Exercise instructions -
In your copy, repeat each record exactly and include no pictures.

Caption-style text data -

-- -- --

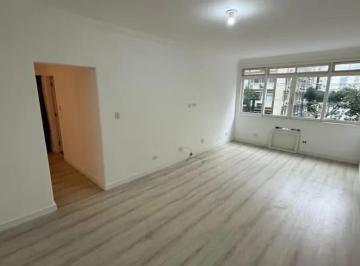 Apartamento · 120m² · 3 Quartos · 1 Vaga · Três dormitórios com suite. Portaria 24hs, elevador. 120 m2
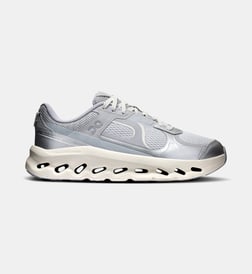 Argent et gris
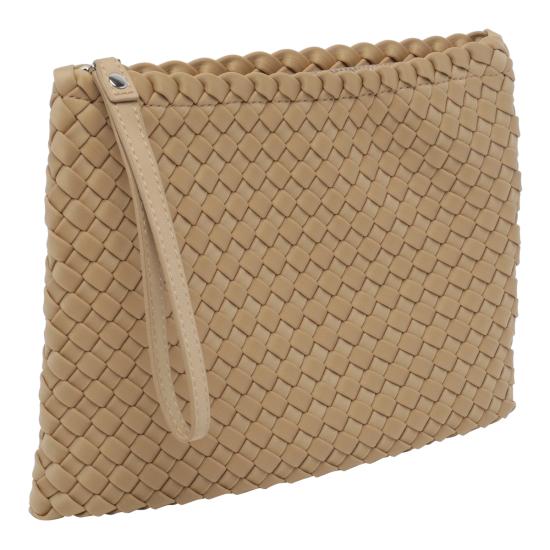 26FW 클러치/파우치 COMO 320 BEIGE - OTHER BRANDS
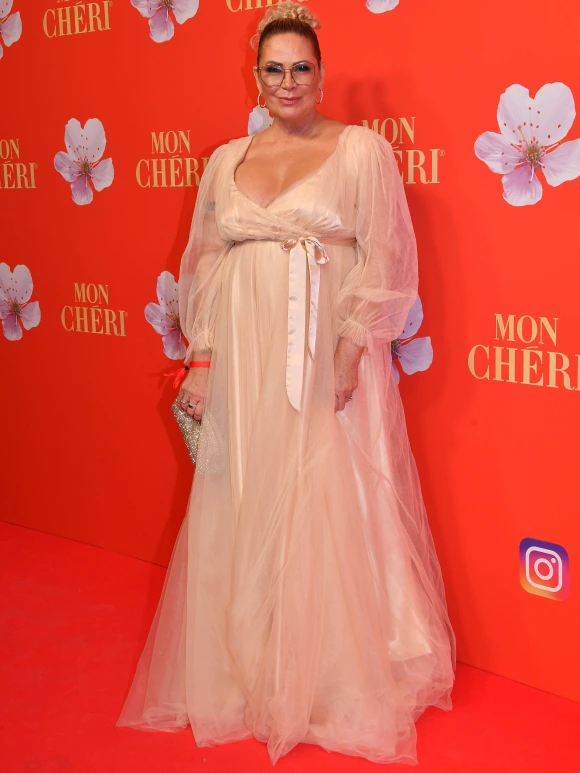 claudia effenberg gewicht abnahme verlust verwandlung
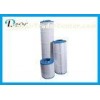 Professional 10 Micron Hurricane Filter Cartridge For Water Filtration System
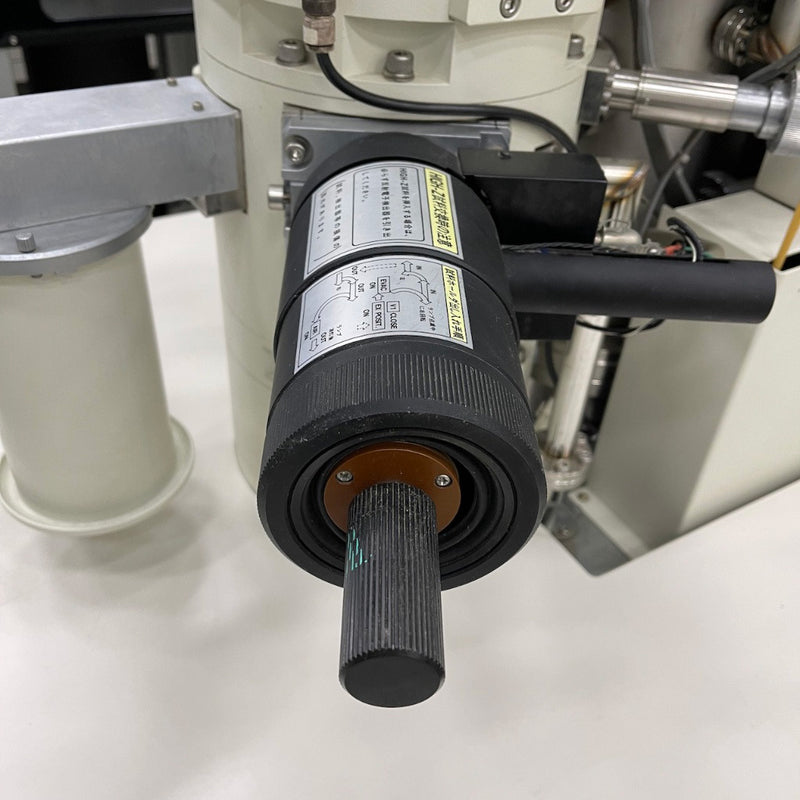 Hitachi S 5000 SEM (Scanning Electron Microscope)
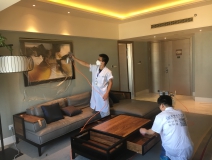 除甲醛公司哪家口碑好？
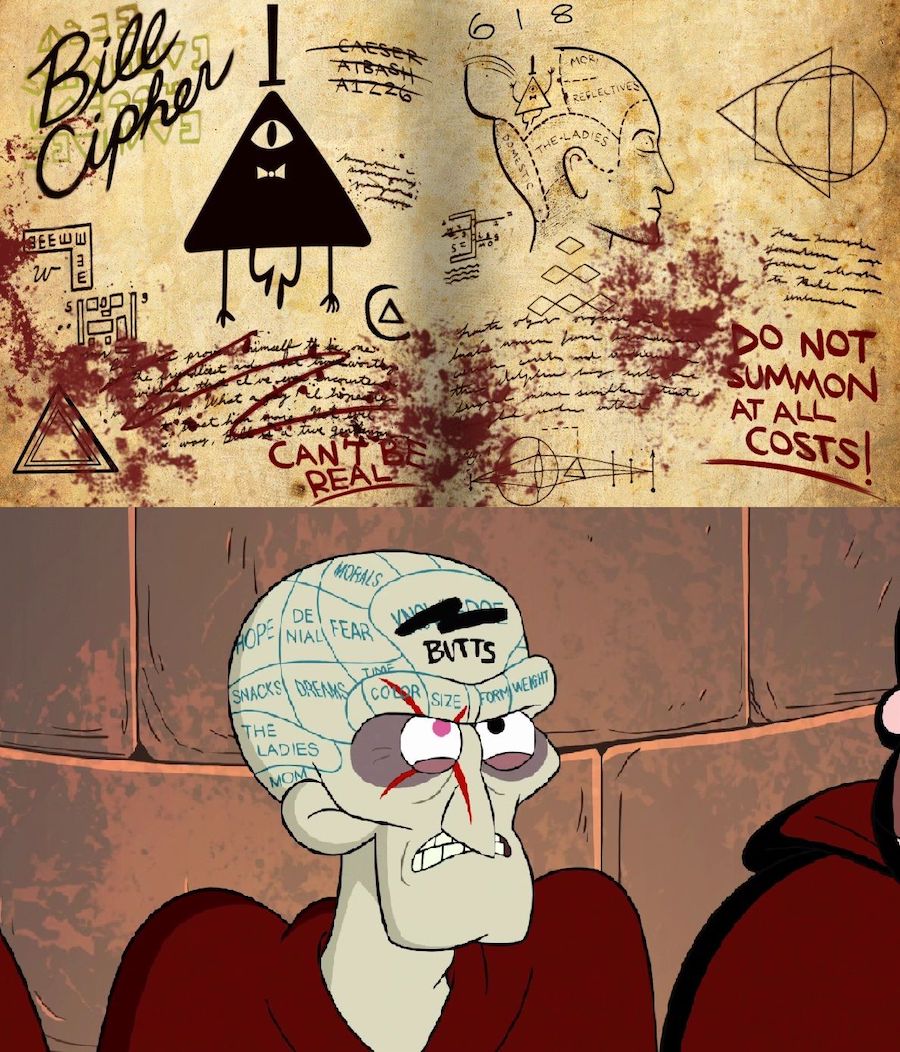 society of the blind eye 4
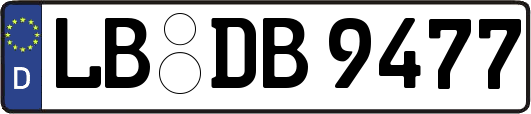 LB-DB9477
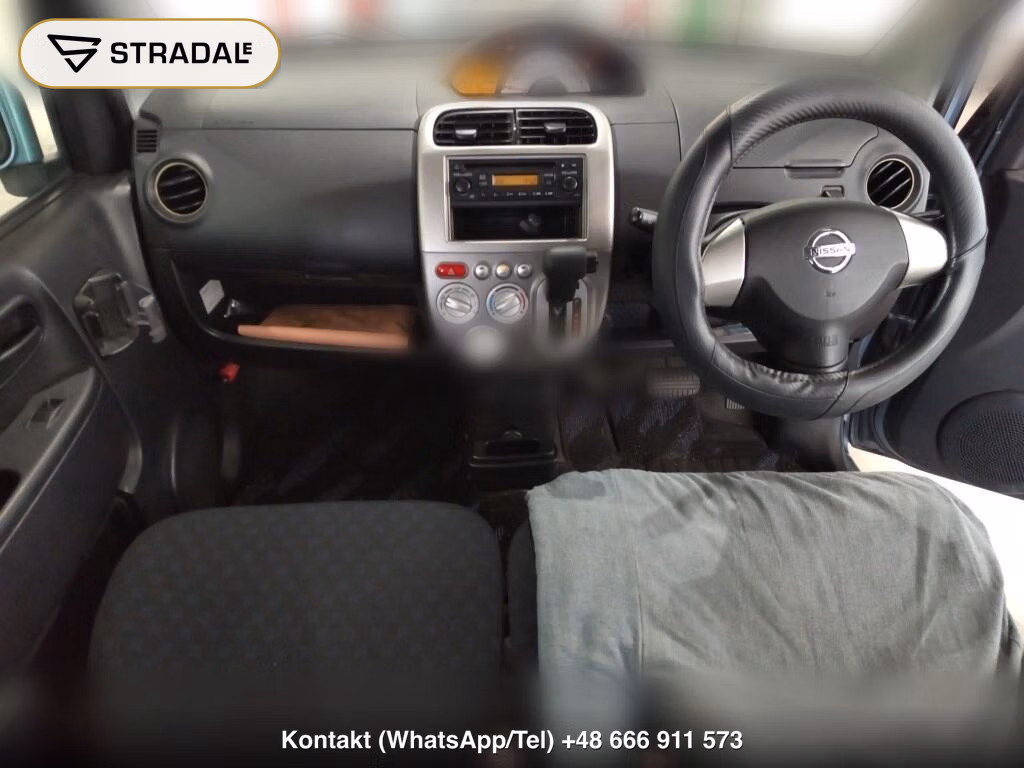 NISSAN OTTI S, miniaturka 4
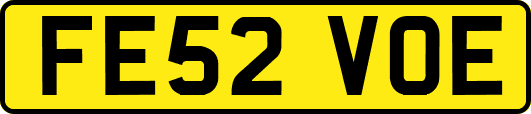 FE52VOE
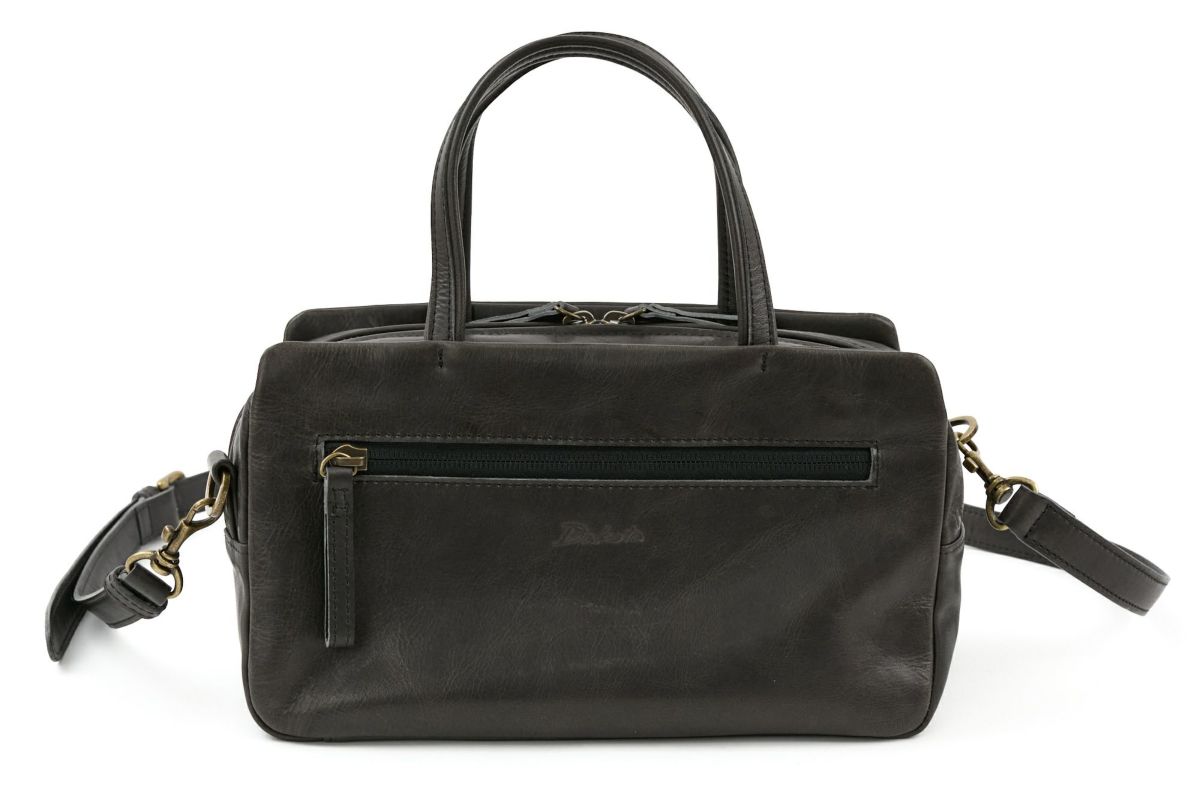Dakota ダコタ ネロ 2WAYショルダーバッグ 1034852
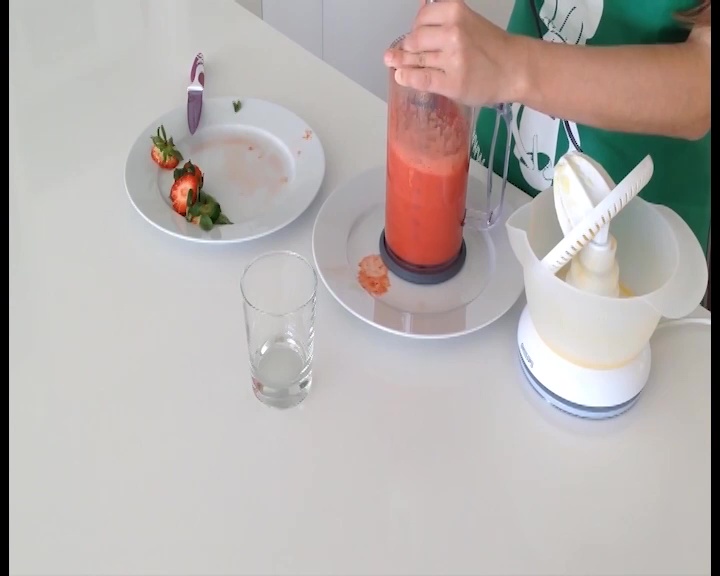 Imagen de La cerveza y los smoothies, una alternativa saludable para hidratarnos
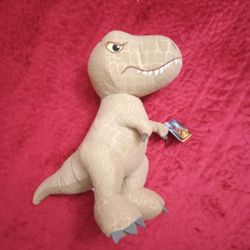 Jurrasic World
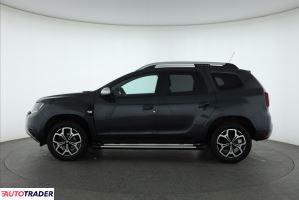 Dacia Duster 2021 1.0 89 KM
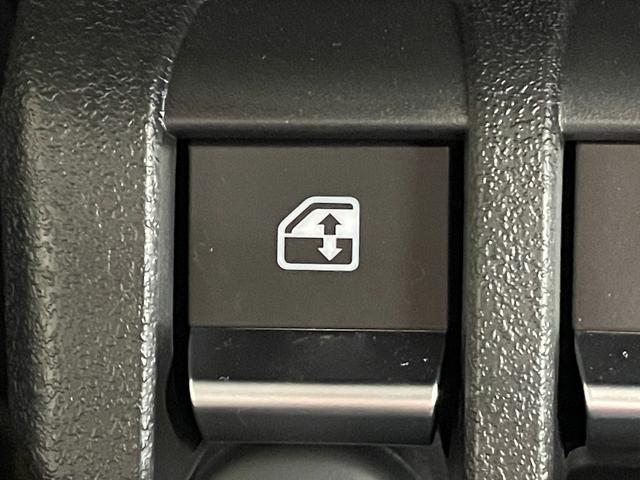 ジムニーシエラ JC ワンオーナー 4WD ヒルディセントコントロール デュアルセンサーブレーキサポート LEDヘッドライト 純正フロアマット クルーズコントロール 前席シートヒーター 車線逸脱警報機能 パーキングソナー(31枚目)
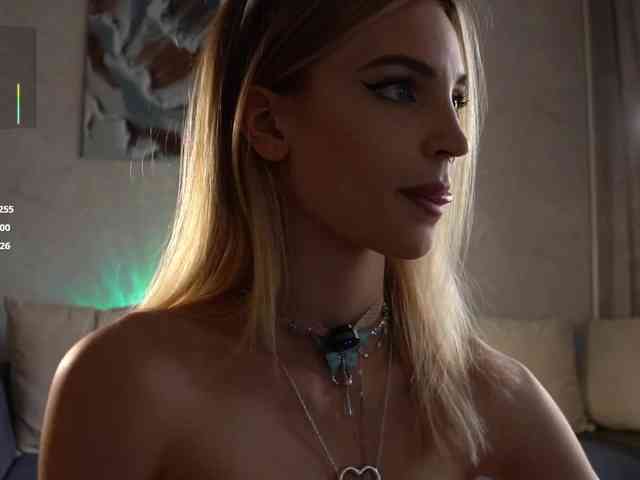 beckymadsons Live Webcam on BongaCams
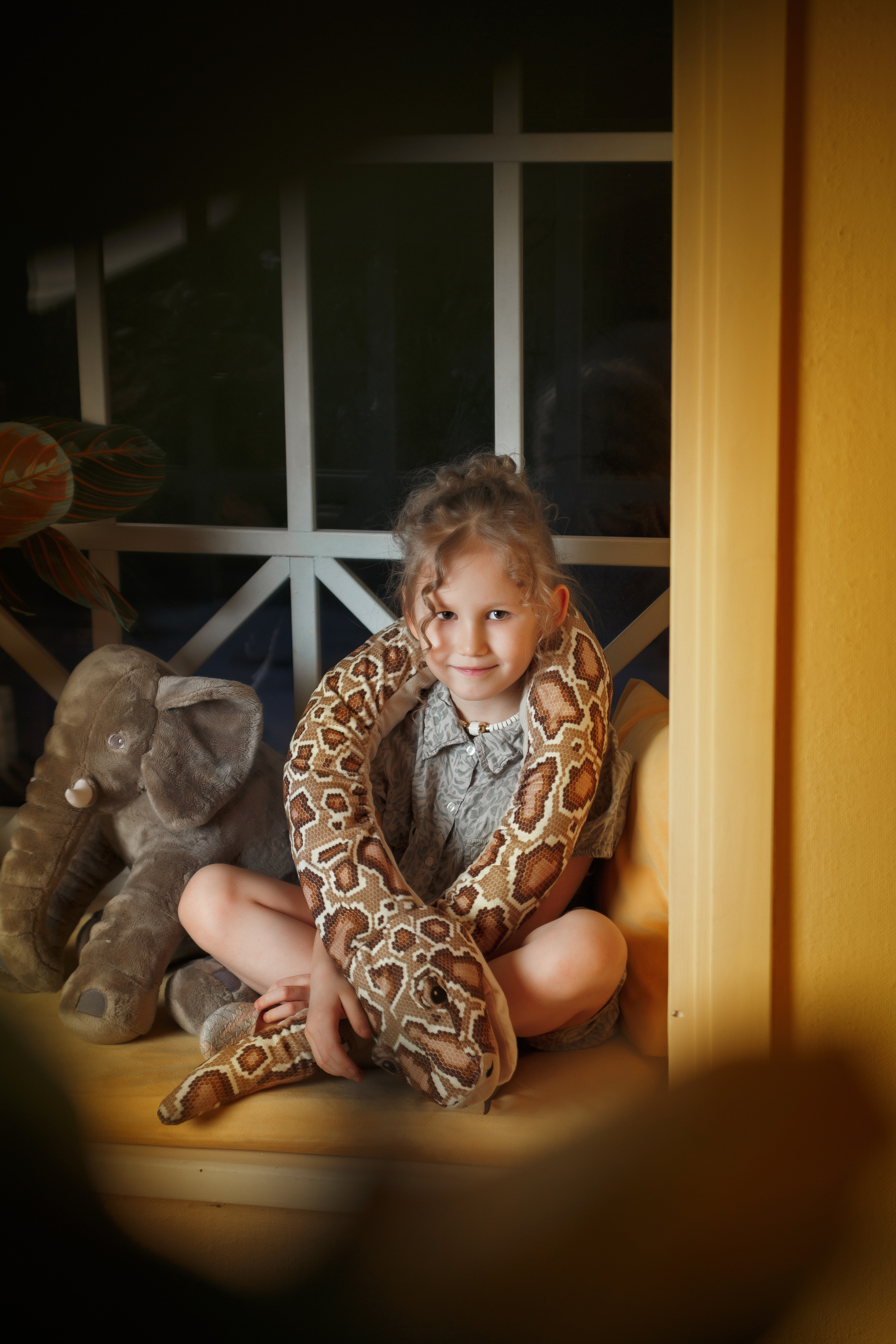 Фотопроект "Африка"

-- -- --

Written solution -
 Apartamento · 120m² · 3 Quartos · 1 Vaga · Três dormitórios com suite. Portaria 24hs, elevador. 120 m2
 Argent et gris
 26FW 클러치/파우치 COMO 320 BEIGE - OTHER BRANDS
 claudia effenberg gewicht abnahme verlust verwandlung
 Professional 10 Micron Hurricane Filter Cartridge For Water Filtration System
 Hitachi S 5000 SEM (Scanning Electron Microscope)
 除甲醛公司哪家口碑好？
 society of the blind eye 4
 LB-DB9477
 NISSAN OTTI S, miniaturka 4
 FE52VOE
Dakota ダコタ ネロ 2WAYショルダーバッグ 1034852
 Imagen de La cerveza y los smoothies, una alternativa saludable para hidratarnos
 Jurrasic World
 Dacia Duster 2021 1.0 89 KM
 ジムニーシエラ JC ワンオーナー 4WD ヒルディセントコントロール デュアルセンサーブレーキサポート LEDヘッドライト 純正フロアマット クルーズコントロール 前席シートヒーター 車線逸脱警報機能 パーキングソナー(31枚目)
 beckymadsons Live Webcam on BongaCams
 Фотопроект "Африка"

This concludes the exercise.